▸ **WHAT THIS TASK INVOLVES**: Print the records below exactly. Omit every picture.

▸ **GIVEN INFORMATION**:
════════
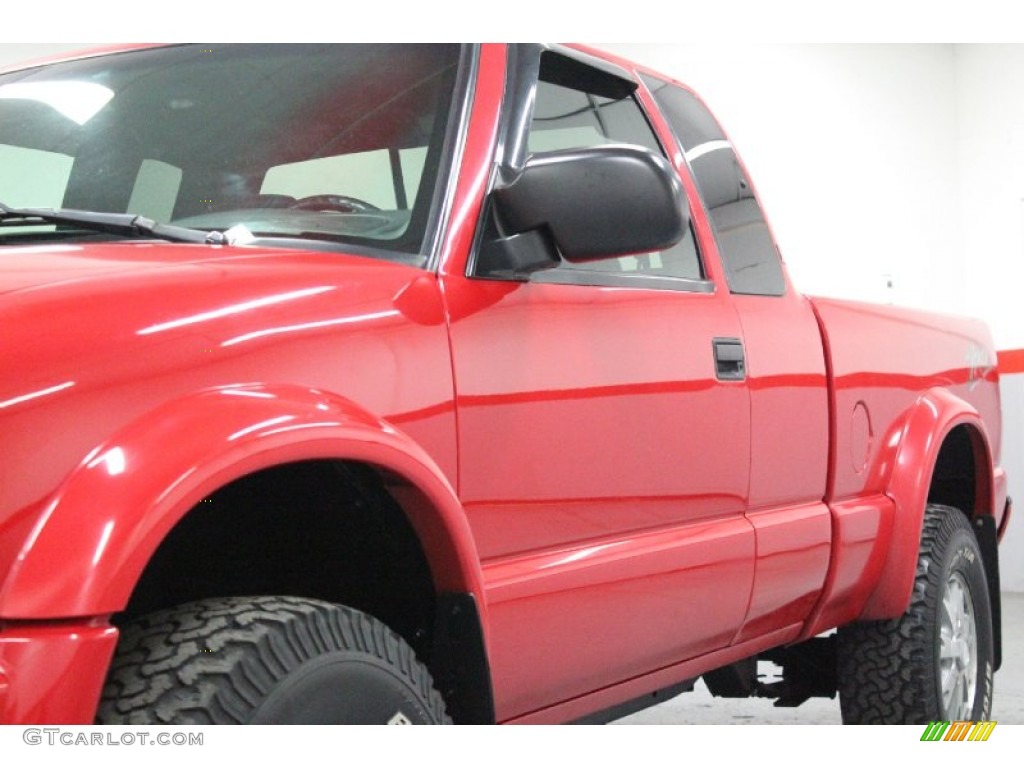 2002 Sonoma SLS Extended Cab 4x4 - Fire Red / Graphite photo #16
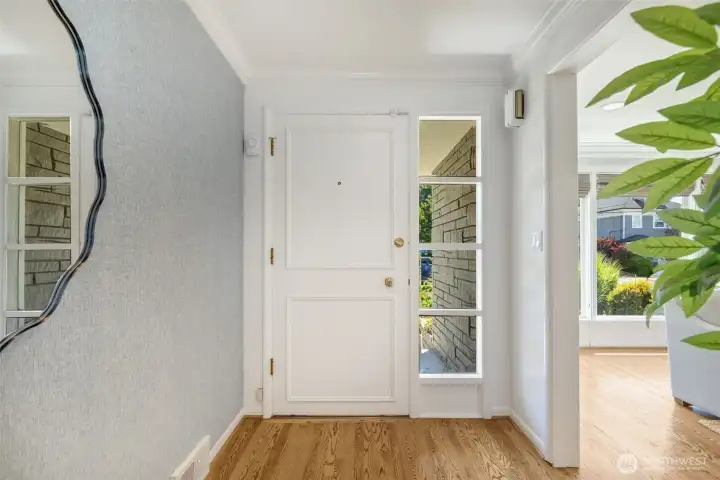 Come on in! Come on in!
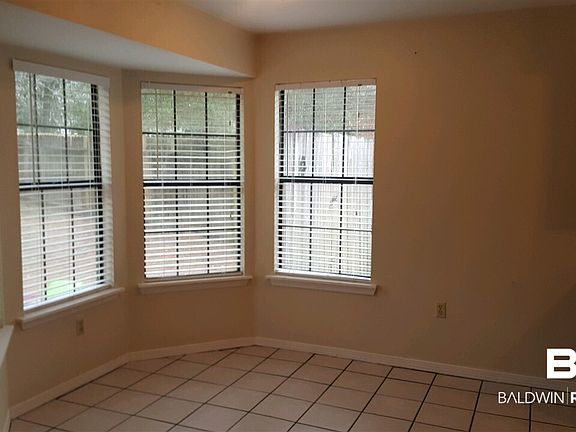 4th image of 103 Rainer Cir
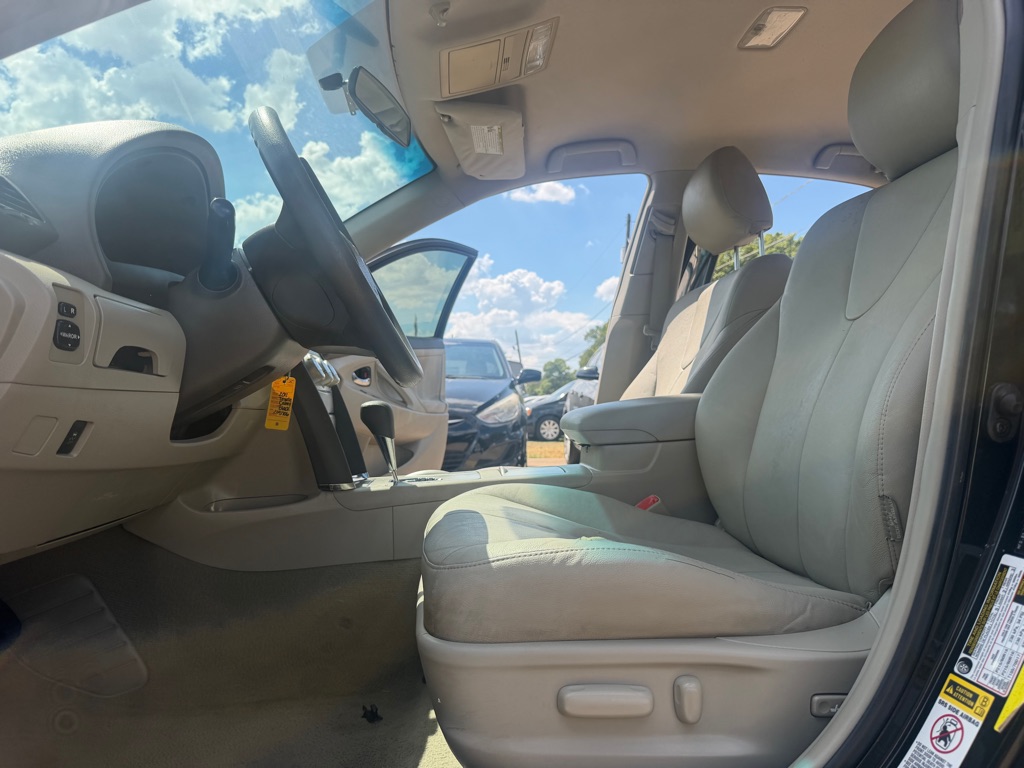 Photo 14 of this TOYOTA CAMRY
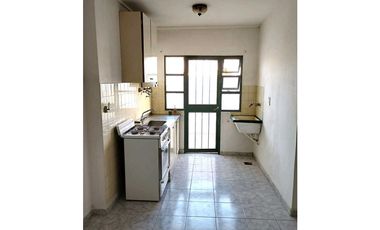 Calle 141 entre 58 y 59 - Departamento en Venta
════════
▸ **YOUR SOLUTION**:
 2002 Sonoma SLS Extended Cab 4x4 - Fire Red / Graphite photo #16
 Come on in! Come on in!
 4th image of 103 Rainer Cir
 Photo 14 of this TOYOTA CAMRY
 Calle 141 entre 58 y 59 - Departamento en Venta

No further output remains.